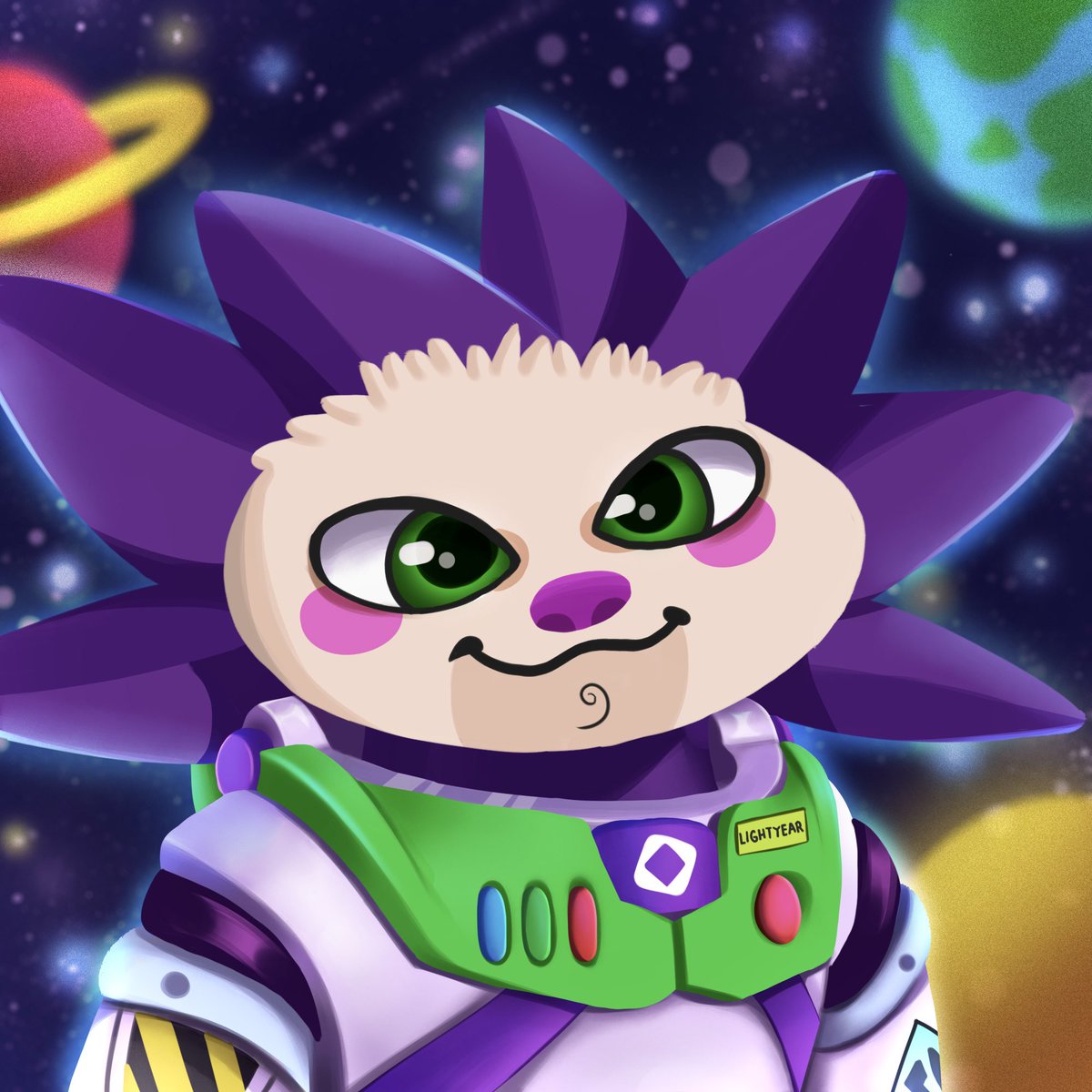 Ichigo(Ø,G) (@ichigo2842022) on Twitter photo Here’s my 2nd fan art for <a href="/chogstarrr/">lil chogstars ⨀</a>
Hope u love it 🥺🩷
<a href="/chog_xyz/">Chog</a> <a href="/0xGrimjow/">Grimjow (evm/acc)</a> <a href="/0xDanielx/">Daniel (evm/acc)</a> <a href="/0xtequilaa/">Tequila</a> Here’s my 2nd fan art for <a href="/chogstarrr/">lil chogstars ⨀</a>
Hope u love it 🥺🩷
<a href="/chog_xyz/">Chog</a> <a href="/0xGrimjow/">Grimjow (evm/acc)</a> <a href="/0xDanielx/">Daniel (evm/acc)</a> <a href="/0xtequilaa/">Tequila</a>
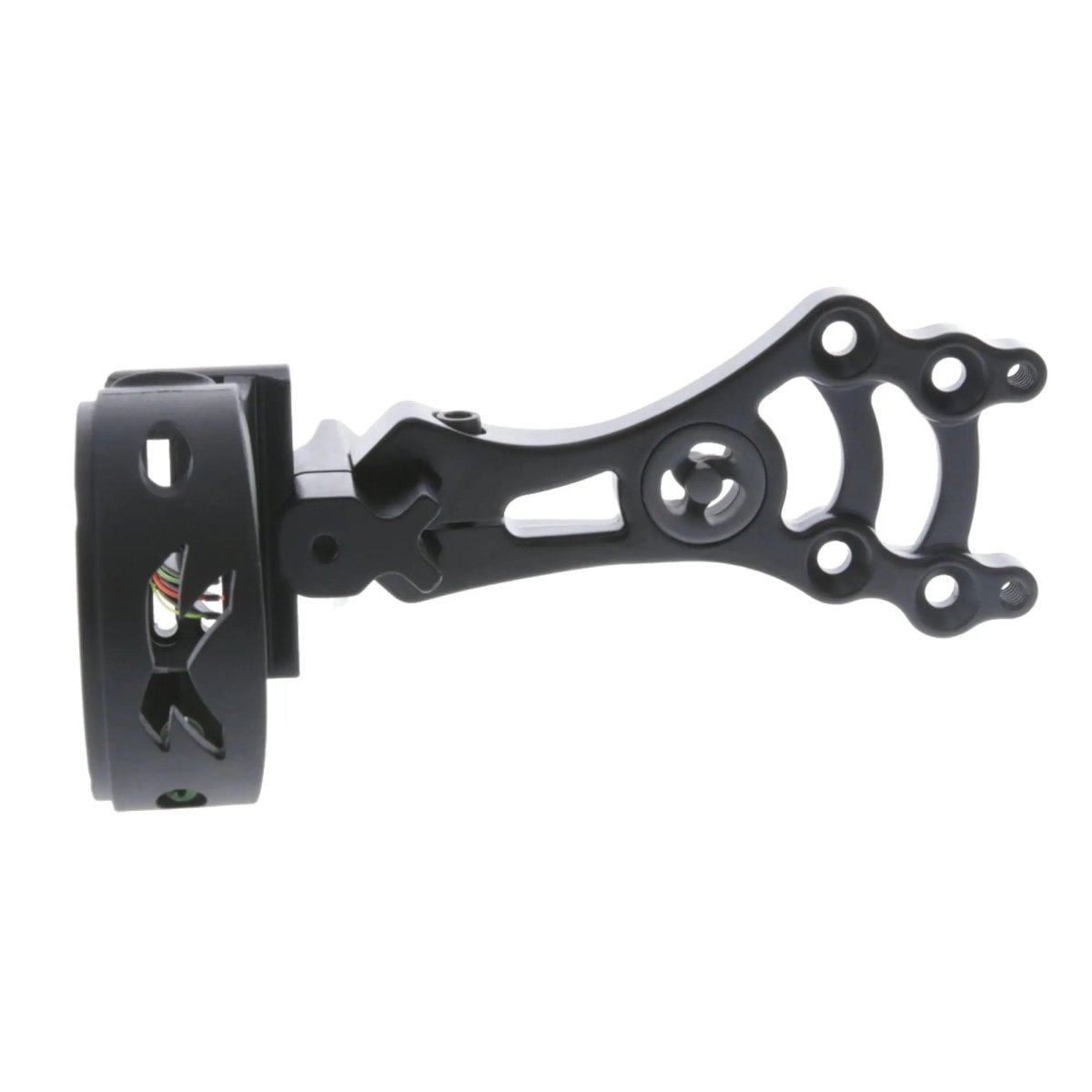 Truglo Storm™ G2 3-Pin Adjusts For Right & Left Hand Shooters - Black Truglo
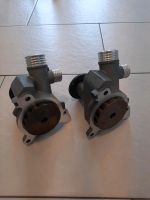 Original BMW E21 E28 E30 Wasserpumpe M20 2.5 Neu Bayern - Moos Vorschau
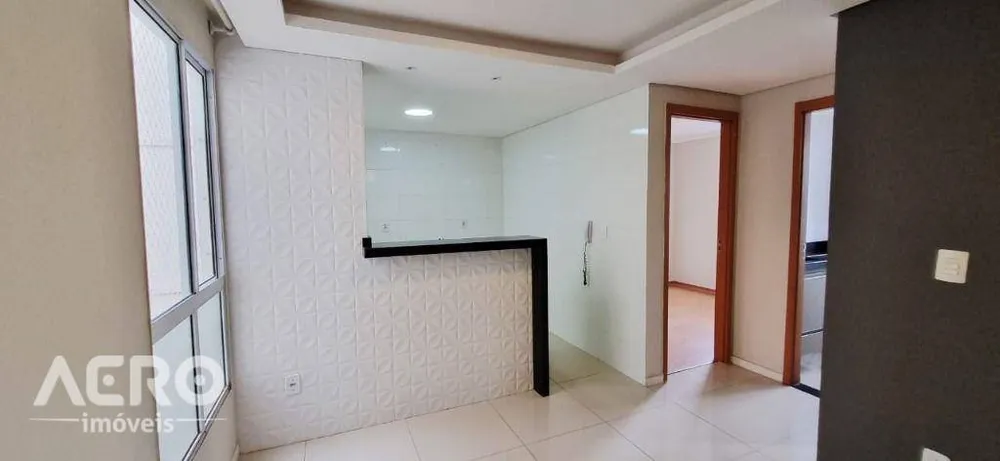 Apartamento, 2 quartos, 45 m² - Foto 4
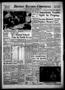 Newspaper: Denton Record-Chronicle (Denton, Tex.), Vol. 55, No. 16, Ed. 1 Sunday…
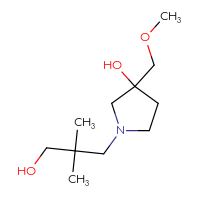 C11H23NO3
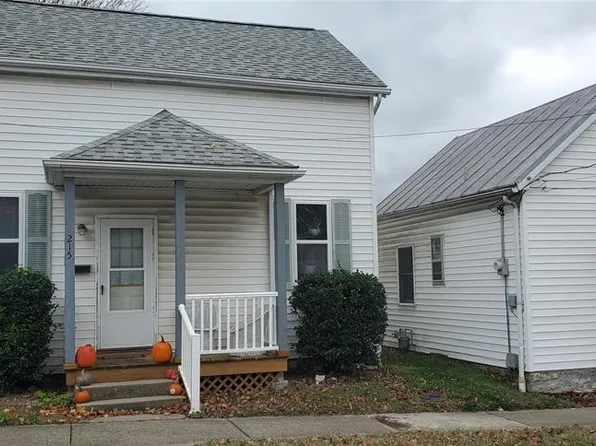 213 S Library St, Waterloo, IL 62298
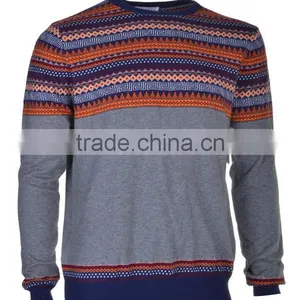 New 2017 Fashion Wool Sweater Men,latest Sweater Designs for Men thumbnail-1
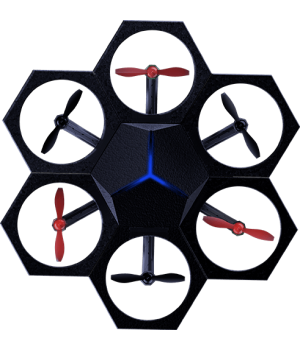 Makeblock Airblock Drone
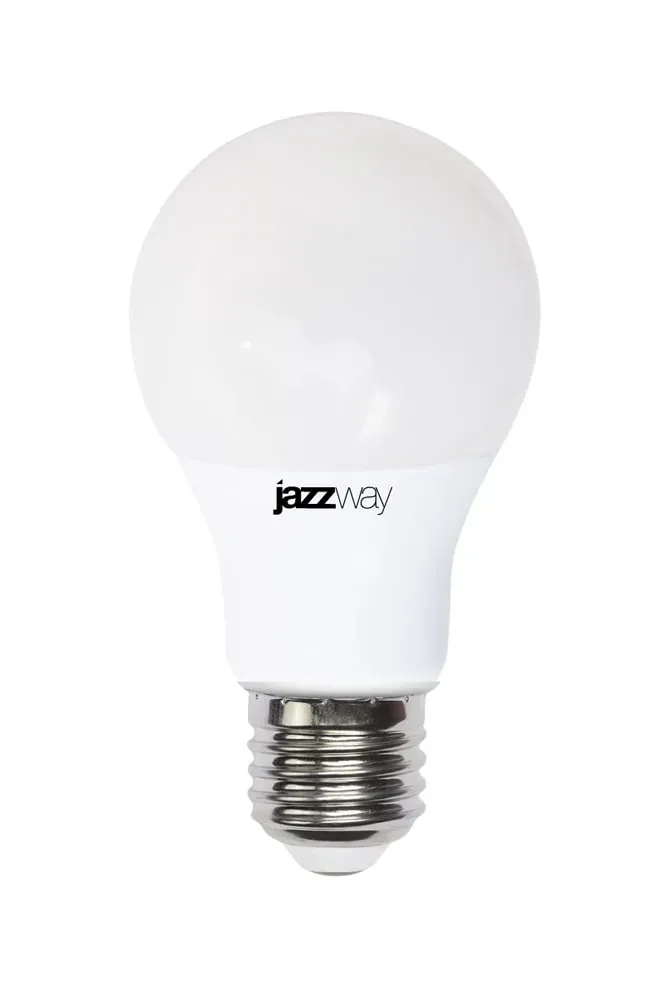 Лампа светодиодная спец. led 10w e27 груша диммируемая для птиц JAZZWAY 5022850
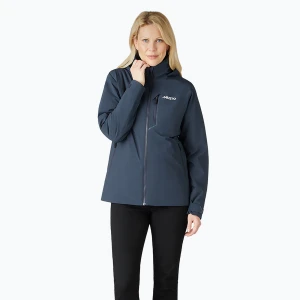 Kurtka żeglarska damska Musto BR1 Primaloft Midlayer true navy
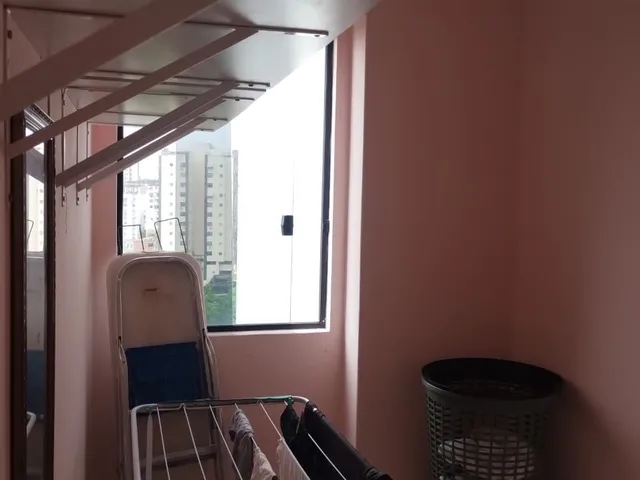 Imagem 4: Brotas 2/4 com dependência e garagem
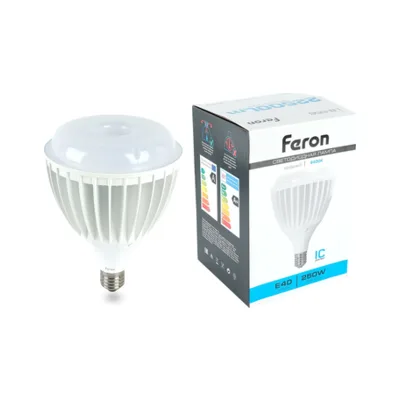 Светодиодная лампа Feron LB-656 51950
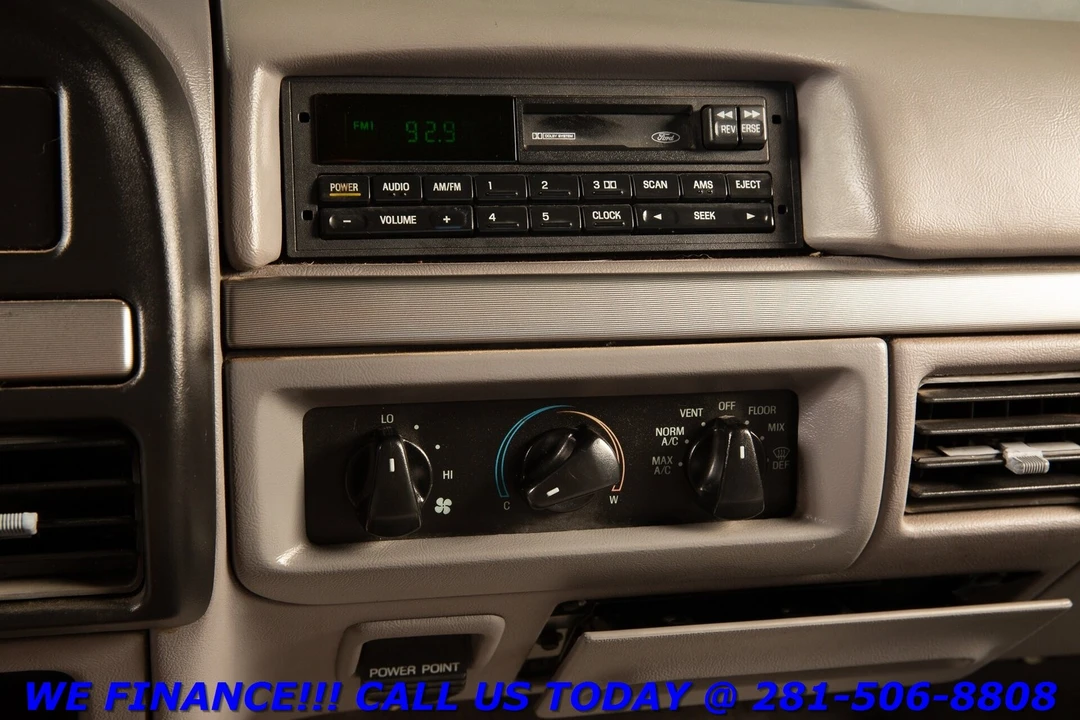 1994 Ford F-Series 9th Gen - Image 15 of 21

========================================================================

About this task -> Output the data verbatim, images excluded.

Written reply ->
 Ichigo(Ø,G) (@ichigo2842022) on Twitter photo Here’s my 2nd fan art for <a href="/chogstarrr/">lil chogstars ⨀</a>
Hope u love it 🥺🩷
<a href="/chog_xyz/">Chog</a> <a href="/0xGrimjow/">Grimjow (evm/acc)</a> <a href="/0xDanielx/">Daniel (evm/acc)</a> <a href="/0xtequilaa/">Tequila</a> Here’s my 2nd fan art for <a href="/chogstarrr/">lil chogstars ⨀</a>
Hope u love it 🥺🩷
<a href="/chog_xyz/">Chog</a> <a href="/0xGrimjow/">Grimjow (evm/acc)</a> <a href="/0xDanielx/">Daniel (evm/acc)</a> <a href="/0xtequilaa/">Tequila</a>
 Truglo Storm™ G2 3-Pin Adjusts For Right & Left Hand Shooters - Black Truglo
 Original BMW E21 E28 E30 Wasserpumpe M20 2.5 Neu Bayern - Moos Vorschau
 Apartamento, 2 quartos, 45 m² - Foto 4
 Newspaper: Denton Record-Chronicle (Denton, Tex.), Vol. 55, No. 16, Ed. 1 Sunday…
 C11H23NO3
 213 S Library St, Waterloo, IL 62298
 New 2017 Fashion Wool Sweater Men,latest Sweater Designs for Men thumbnail-1
 Makeblock Airblock Drone
 Лампа светодиодная спец. led 10w e27 груша диммируемая для птиц JAZZWAY 5022850
 Kurtka żeglarska damska Musto BR1 Primaloft Midlayer true navy
 Imagem 4: Brotas 2/4 com dependência e garagem
 Светодиодная лампа Feron LB-656 51950
 1994 Ford F-Series 9th Gen - Image 15 of 21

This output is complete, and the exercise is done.